Costa Rican folklore is rich with stories about the lakes that sometimes form in the ancient craters of volcanoes. Some tell of alien spaceships seen rising from the depths. There are Pre-Columbian legends of child sacrifices to appease the wrath of great serpent gods living in the sacred lands surrounding the Poas and Barva volcanoes.
According to one legend, greed and broken promises formed the Laguna Barva, the crater lake of the Barva volcano. Two Spanish conquistadors lost in the mountains found an abandoned treasure of Indian gold.
The weary travelers were sick and hungry. Shortly after the discovery, one of them died. But before he died, the conquistador asked his companion to promise to use the gold to build a church dedicated to the Virgin of Pilar (the first vision of the Virgin Mary to appear before the Spanish people).
Overcome by greed, the remaining conquistador decided to keep the gold. He buried his friend, put the gold into a sack and walked until he was tired. Then he went to sleep.
When the man awoke, he was horrified to find himself back at the grave site he’d left the previous day. He saw a woman sitting on a rock near his friend’s corpse. He asked her why she wept. She replied that his greed and lack of faith caused her sadness. When he asked her name, she told him, “Pilar.”
He tried to convince her that he would build the church after all , but her weeping would not cease. Her tears created the Laguna Barva and the conquistador was doomed to remain at the lake forever. The legend continues that if you spend the night on the shores of the lake, a vision of the promised church will appear out of the waters.
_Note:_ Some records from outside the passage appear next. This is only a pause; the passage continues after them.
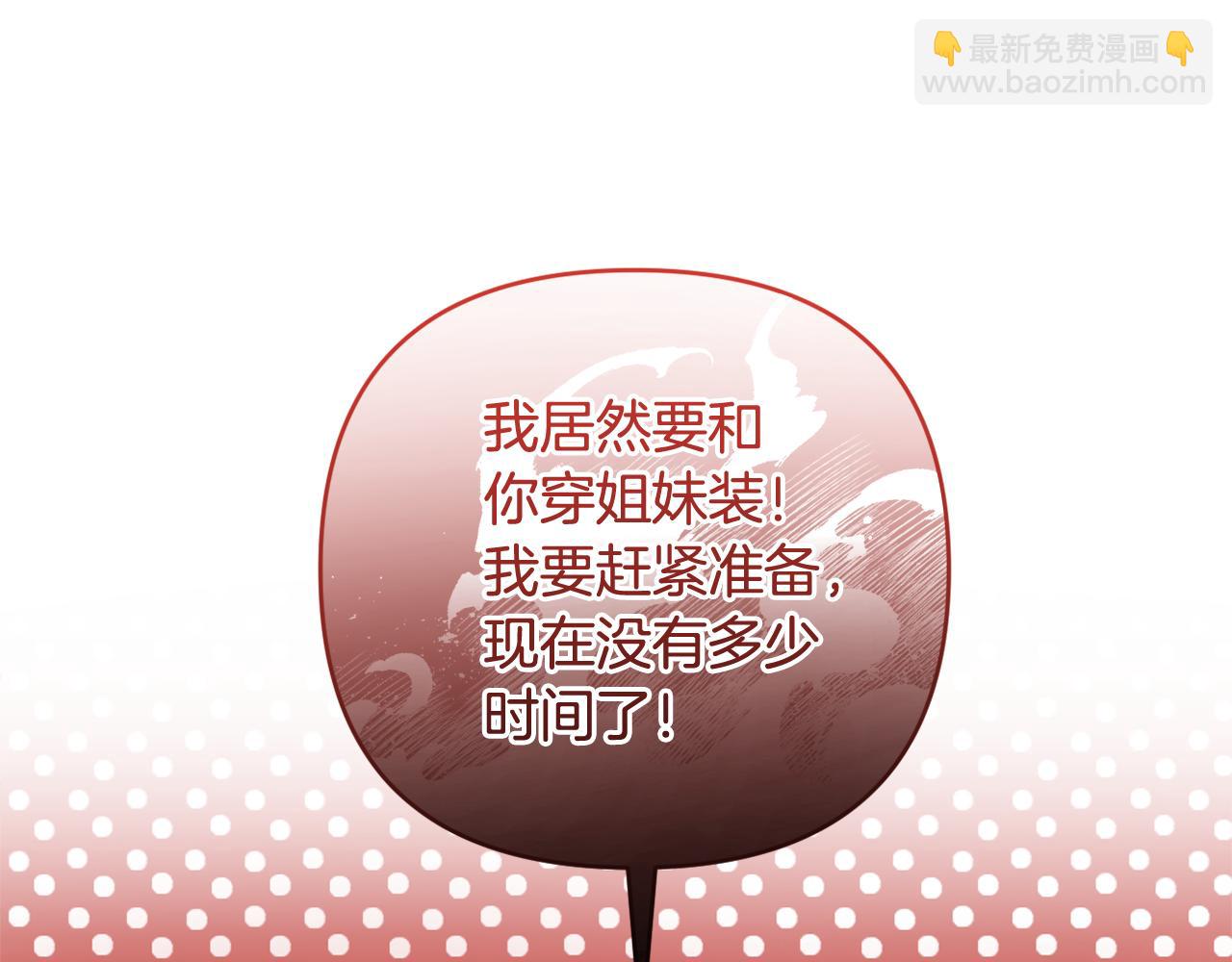 第51话 准备神性仪式109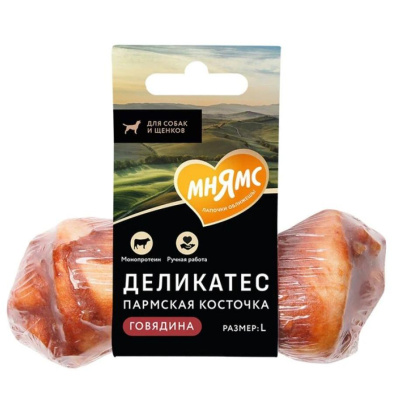 Лакомство Деликатес Пармская косточка для собак размер L 45 г Мнямс
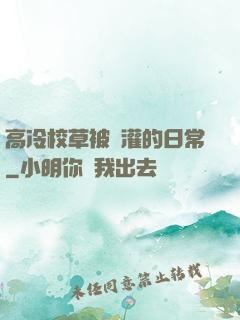 高冷校草被澆灌的日常
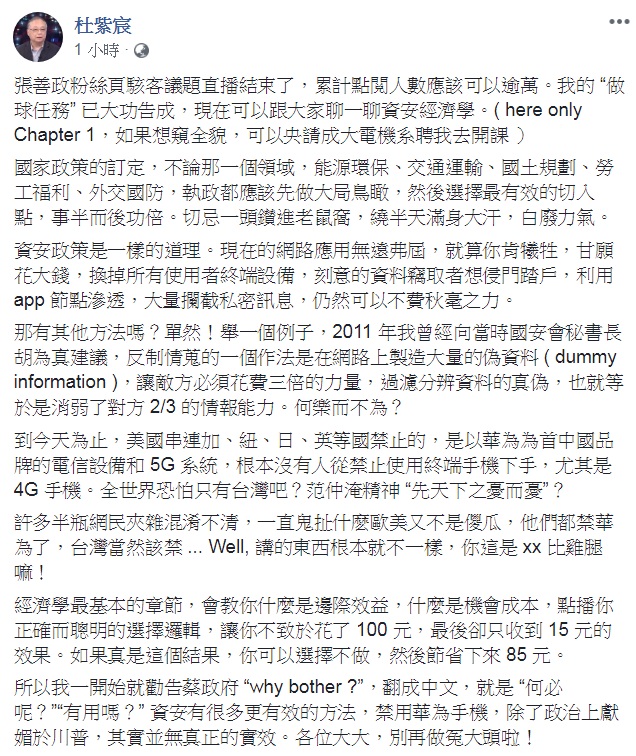 文化大學競爭力研究中心主任杜紫宸30日再度以「資安經濟學」為題在臉書發文，批評禁用華為手機是「政治上獻媚於川普，其實並無真正的實效。」 圖：翻攝杜紫宸臉書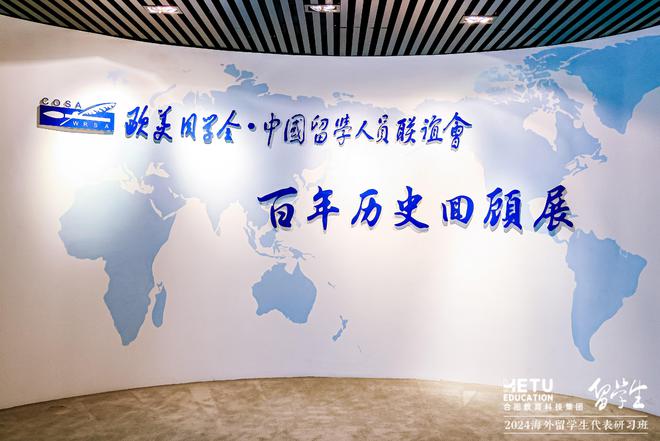 kaiyun中国官方网站合图教育科技集团主办 海外留学生社团代表研习班活动在北京成功举行(图6)
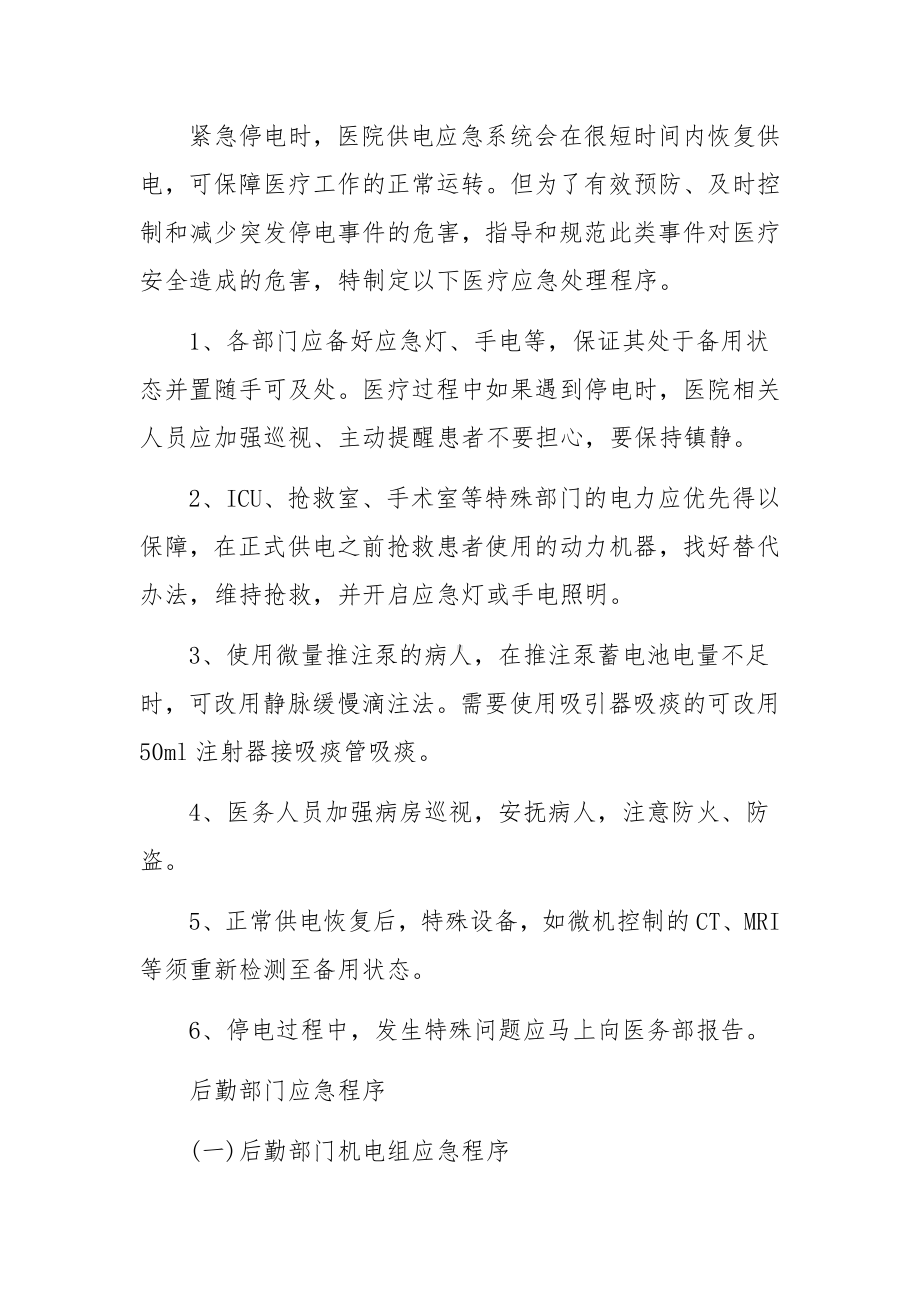 大型医院突发停电应急管理预案.docx_第3页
We saw no aliens, churches or snake gods. We did see unique plants and animals found at over 9,500 feet in the cloud forest preserve.
Hiking at such high elevation is no joke. We kept our pace slow, took many breaks and had plenty of snacks and water. When visiting Barva it’s a good idea to dress in layers and bring a jacket.
It took us about 3 1/2 hours to reach the crater lake and return. Several food vendors set up shop just outside of the gate and we treated ourselves to hot chocolate and coffee before leaving.
This park has fewer visitors than the more accessible volcanoes such as Poas or Irazu. The road leading to Barva is very steep and much of it is unpaved. Visitors either need a 4WD vehicle or should plan to park a few kilometers below the entrance and walk. The fee for residents and citizens is 1,000 colones and tourists pay $15. Overnight camping is permitted and campers must carry all their gear.
We still have 8 months left. . . maybe we’ll get a tent and see if the legend is true.